# chipmunks in the house



## woodypecker (Aug 6, 2016)

Hello all, got a little problem. discovered there's a couple of chipmunks living inside my vinyl siding. I've seen them scoot up the corner piece of my siding. my wife a couple of weeks ago said that she heard something in the wall of our bedroom which is on the second floor. first I would like to get rid of them, but not kill them. 2nd, is there something that I can use to cover up the bottom of the corner? also, is there a possibility of little ones inside the house? Thanks here's a pic. of the chipmunks, they're at the far corner of my deck.


----------



## stick\shift (Mar 23, 2015)

Chipmunks are not an endangered species by any stretch. As long as they stay outside, I'm fine with them but if they get into the garage, I have rat traps set for them. The traps are tied to bigger objects in the garage because a couple of them 'walked off' at first.


----------



## de-nagorg (Feb 23, 2014)

Moth Balls, placed in the walls where you hear them, they and all rodentia hate the smell.

The siding manufacturers used to make caps for those corner posts.

You need to contact the manufacturer, if you know who made it, otherwise call siding corporations locally, and ask them to try to get caps for those corner posts. 


ED


----------



## CaptTom (Dec 31, 2017)

I've seen people take a scrap piece of vinyl corner post and fold it to make a cap for the top or bottom. Never really tried it, but it seems like it would work if you're good with that sort of thing.

My method is to roll up a short piece of 1/2" steel mesh and form it into the gap. You can also spray some "Pest Block" expanding foam in. 

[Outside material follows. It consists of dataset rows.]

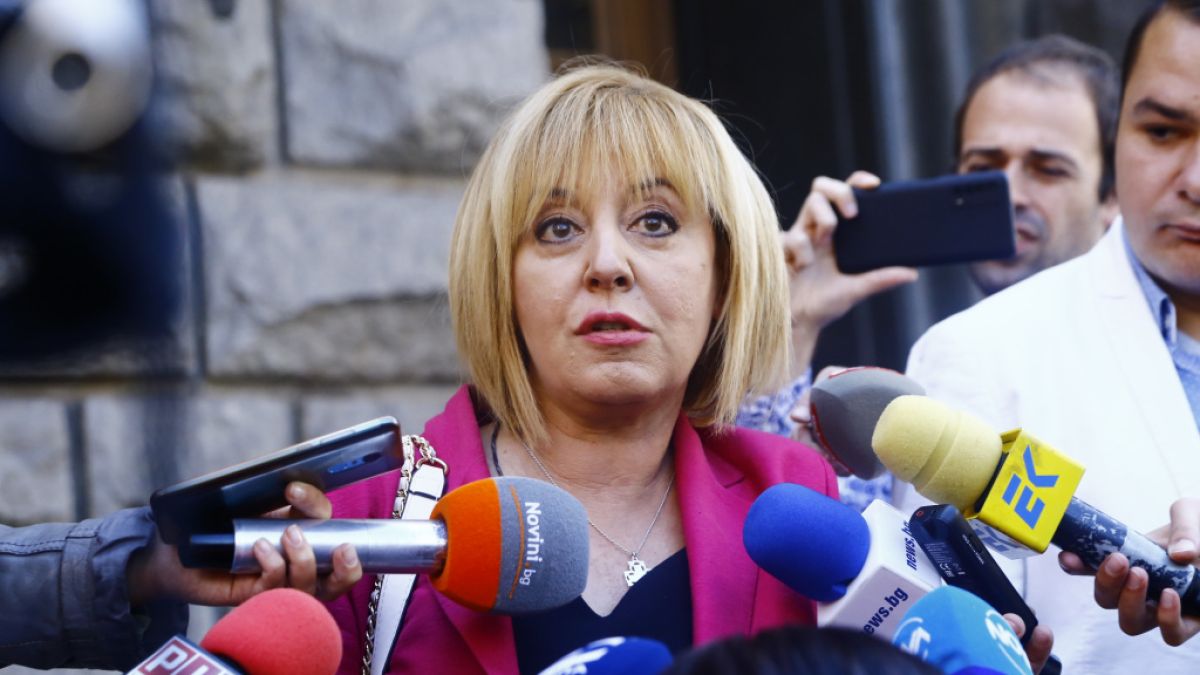 Манолова пак обърна палачинката, щяла да подкрепи правителство на ИТН, дори, ако...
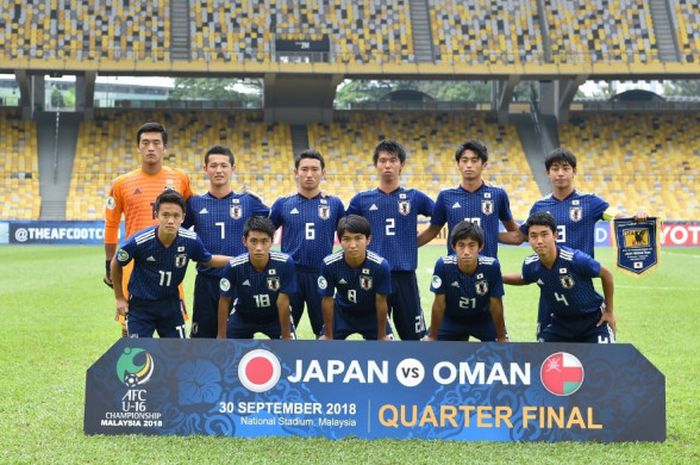 Para pemain timnas u-16 Jepang berpose jelang laga kontra timnas U-16 Oman pada laga perempat final Piala Asia U-16 2018 di Stadion Nasional Bukit Jalil, Kuala Lumpur, Malaysia, 30 September 2018. 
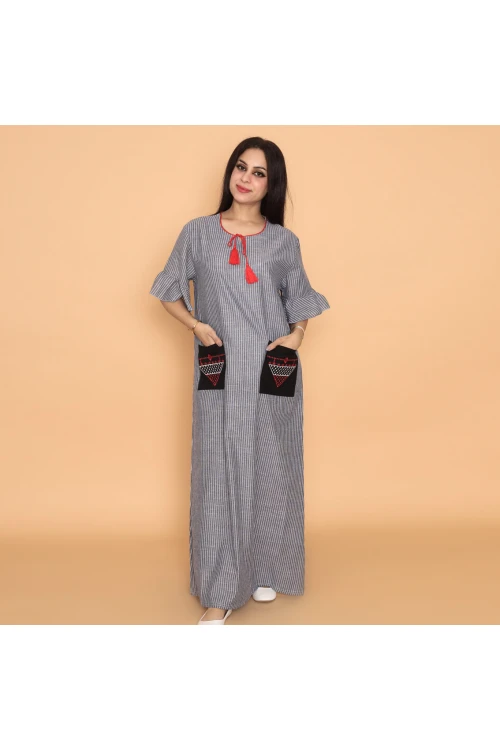 جلابية مخططة بأكمام قصيرة واسعة وجيوب أماميه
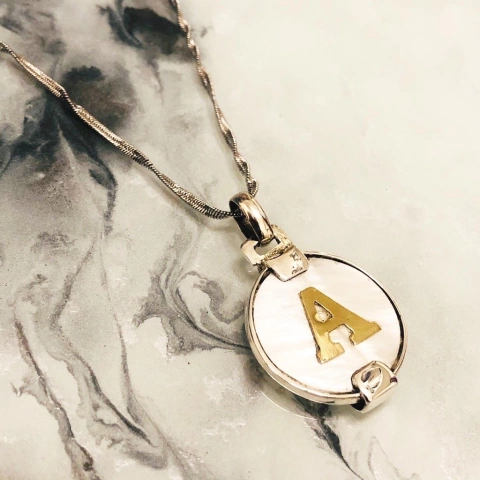 MEDALLA PLATA Y NACAR CON INICIAL EN ORO 9631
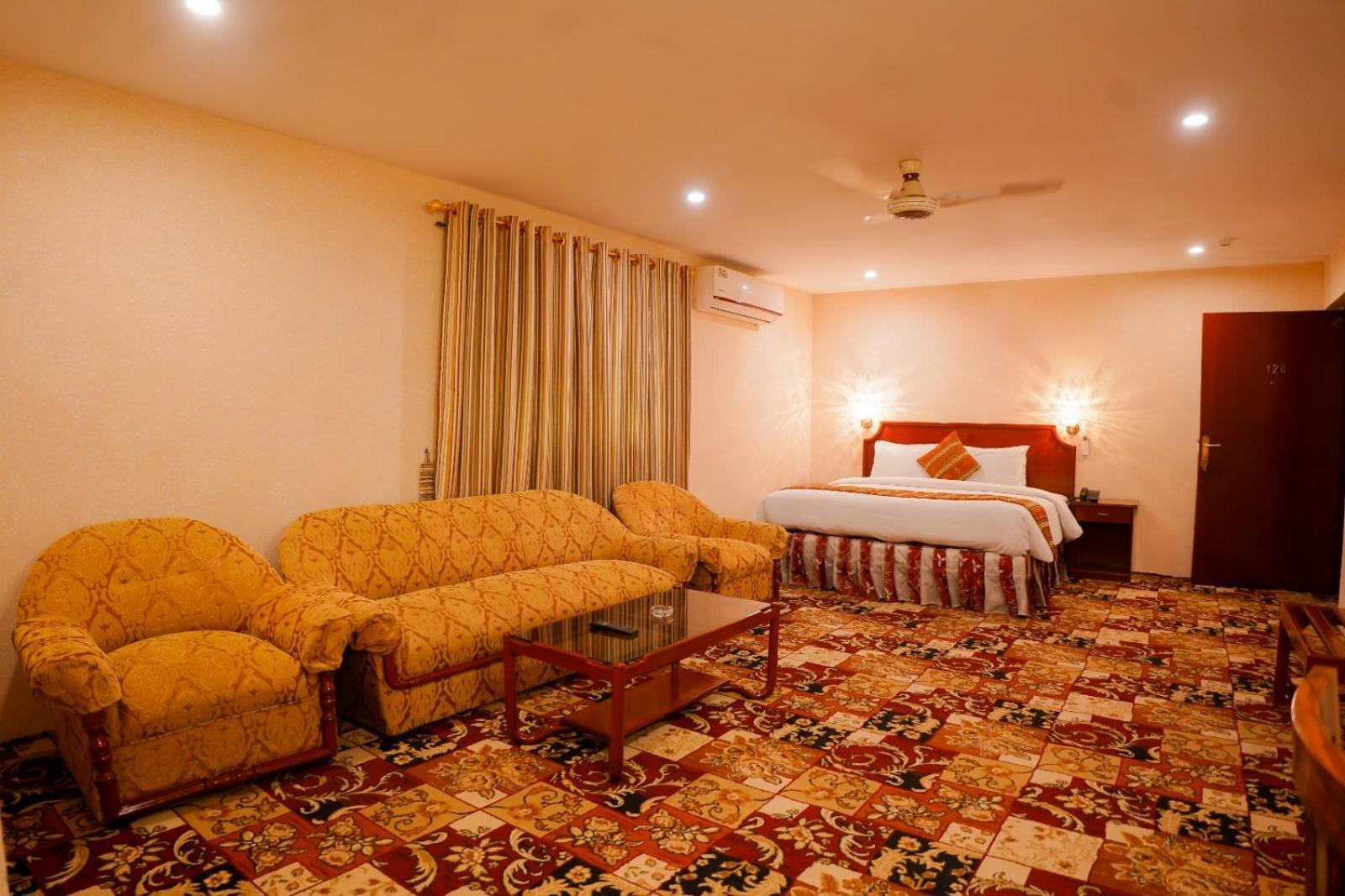Indus Hotel 하이데라바드 외부 사진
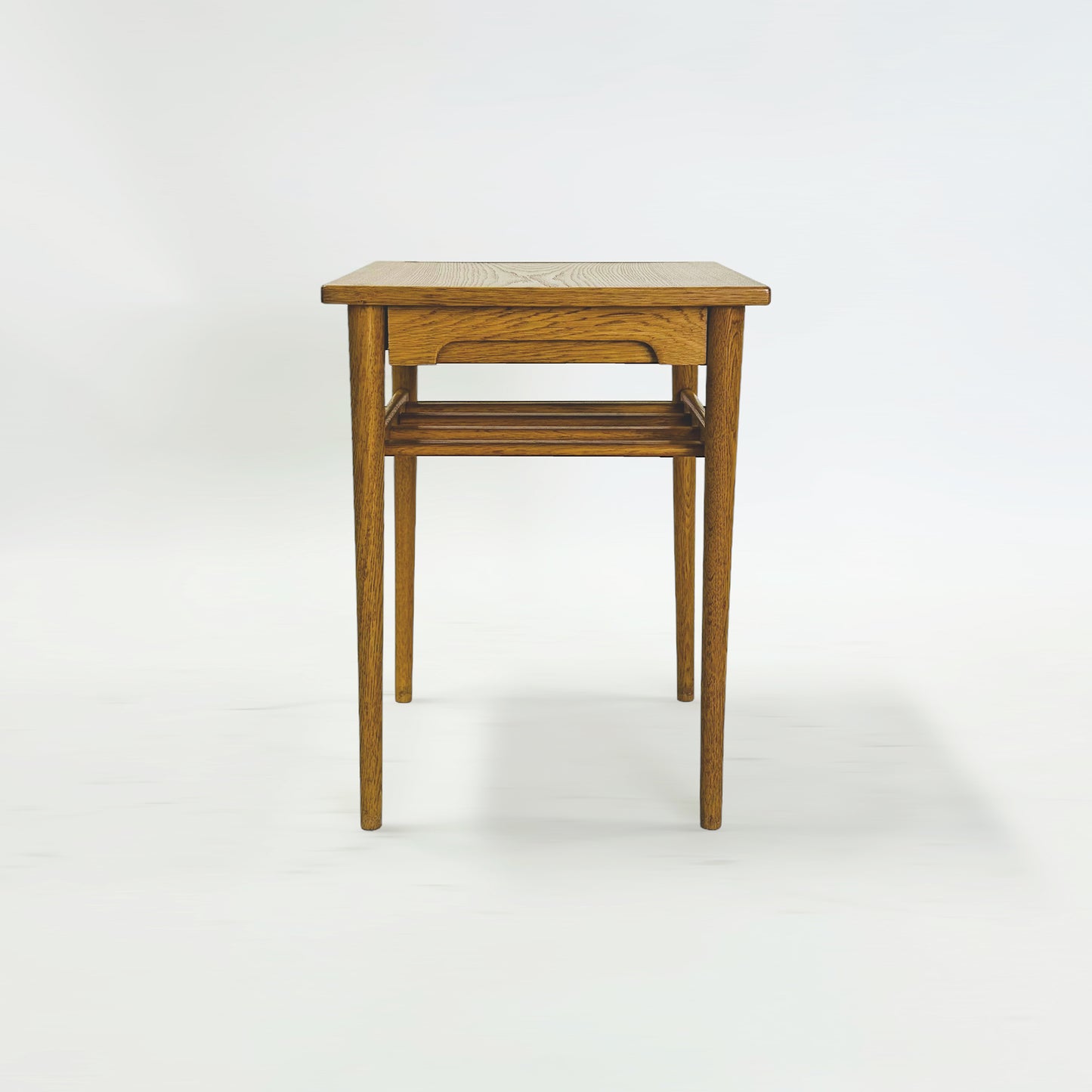 ベッドサイドテーブル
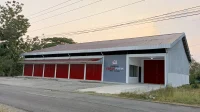 Gerai Koperasi Desa Merah Putih Trasan, Klaten Bangunan gerai Koperasi Desa Merah Putih Desa Trasan, Juwiring, Klaten, dengan deretan pintu gulung merah di tepi jalan desa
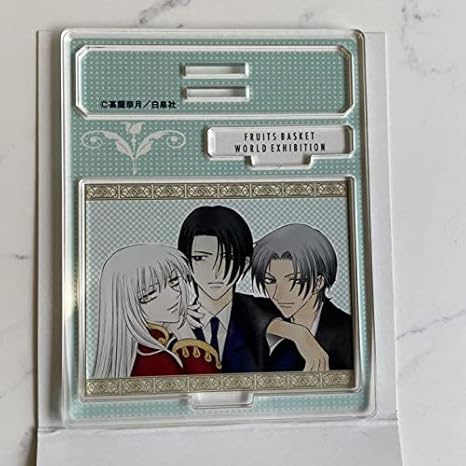 Amazon フルーツバスケットの世界展 アクリルスタンド 草摩紫呉 草摩はとり 草摩綾女 アイドル 芸能人グッズ 通販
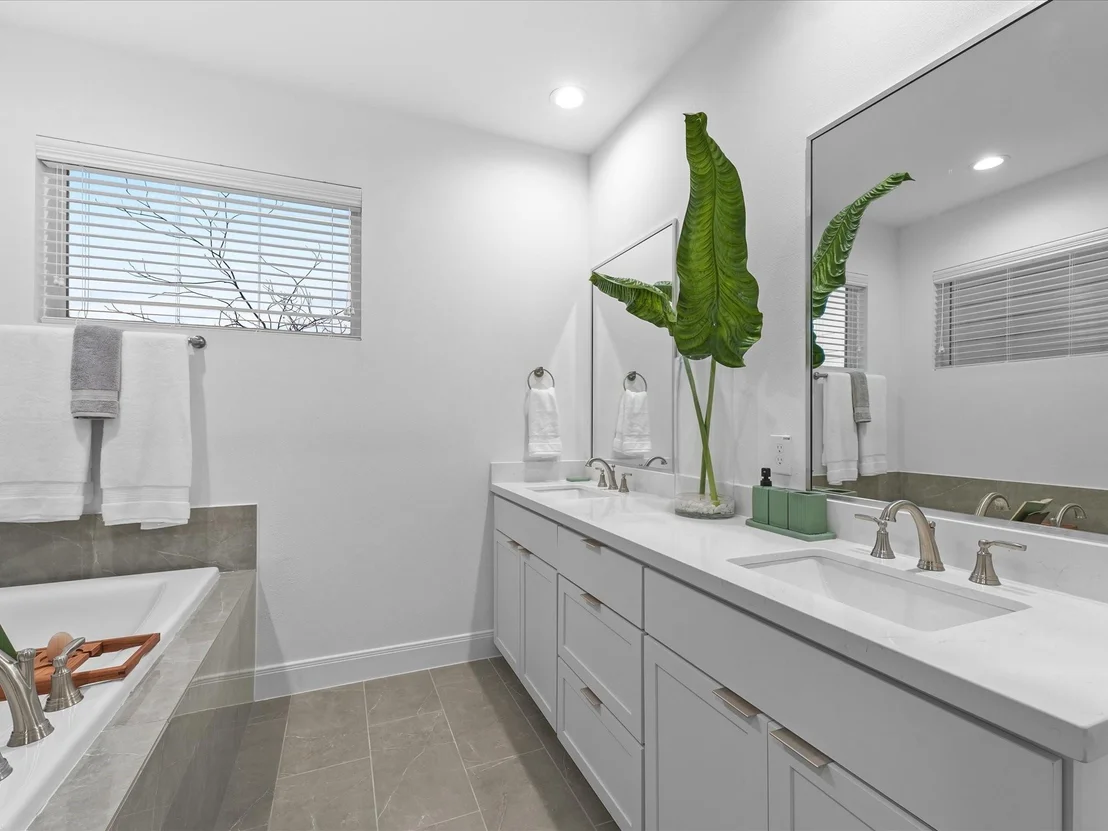 Photo of 4848 Pinemont Drive
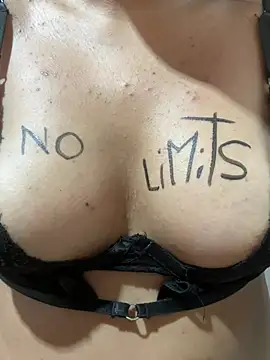 Valentinahot7 online show from 1, 3, 2026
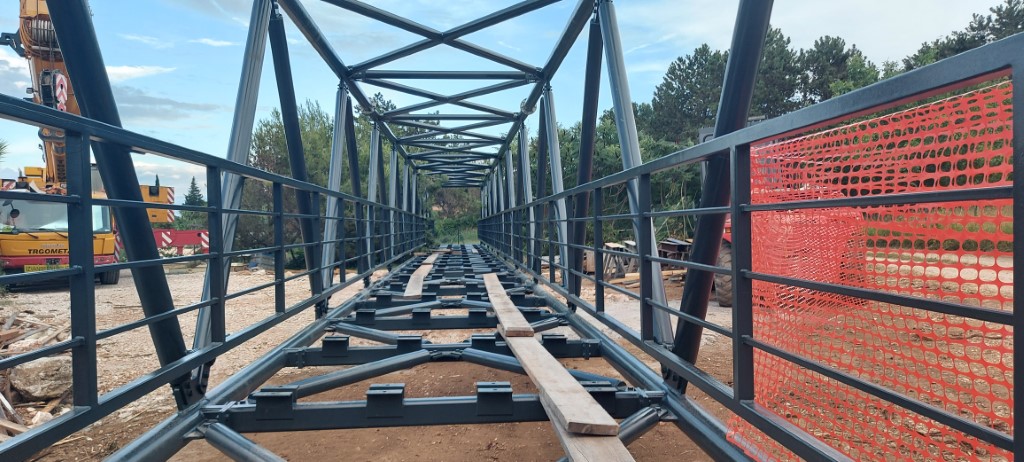 Novi glazbeni hit na Alberima: „Beton, kamen i željezo“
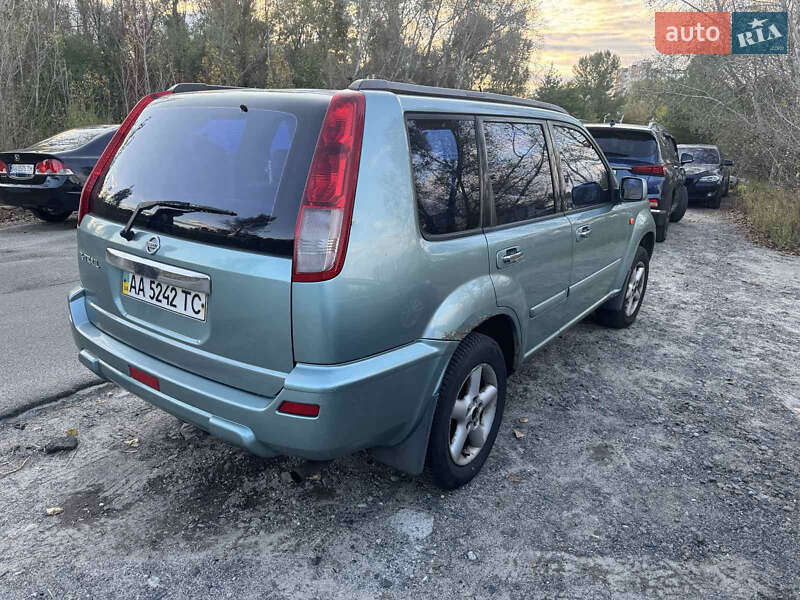 Внедорожник / Кроссовер Nissan X-Trail 2003 в Чернигове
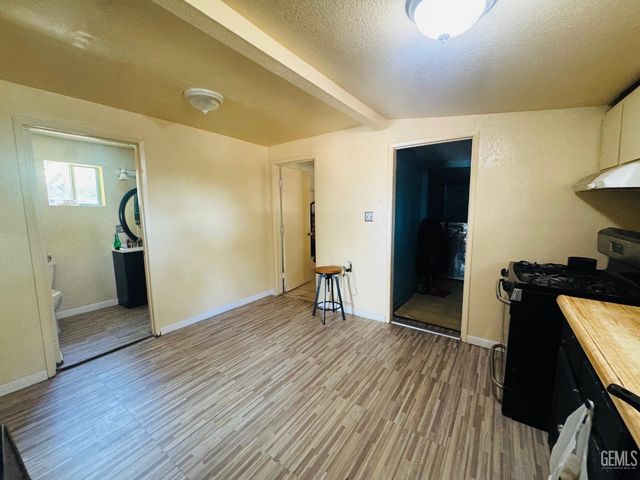 8116 Halleluiah Street, Bakersfield, CA 93307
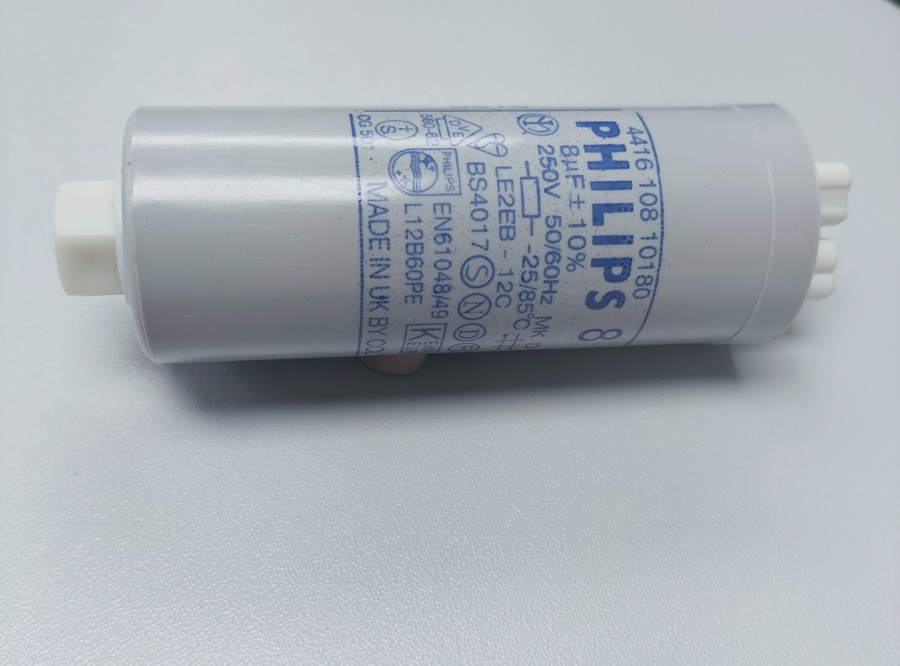 Surplus Stock - Philips 250V 8UF Capacitor - 003-506 (A6)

I've done this on a shed, but ask an expert whether there's a downside to using foam on a house, like maybe there needs to be a gap for air or water to pass in or out, respectively. In which case, stick with just the steel mesh.


----------



## woodypecker (Aug 6, 2016)

I found some stainless steel scrubbing pads and have inserted them in the corners. hopefully the chipmunks were out foraging when I installed them. Thanks everyone for your tips


----------



## digitalplumber (Jul 8, 2011)

Had to pull some lower bricks on a side wall of my sons home because they were in the wall. I placed a Hava Heart trap up against the opening. Fresh peanut butter and peanuts and caught then one at a time.


----------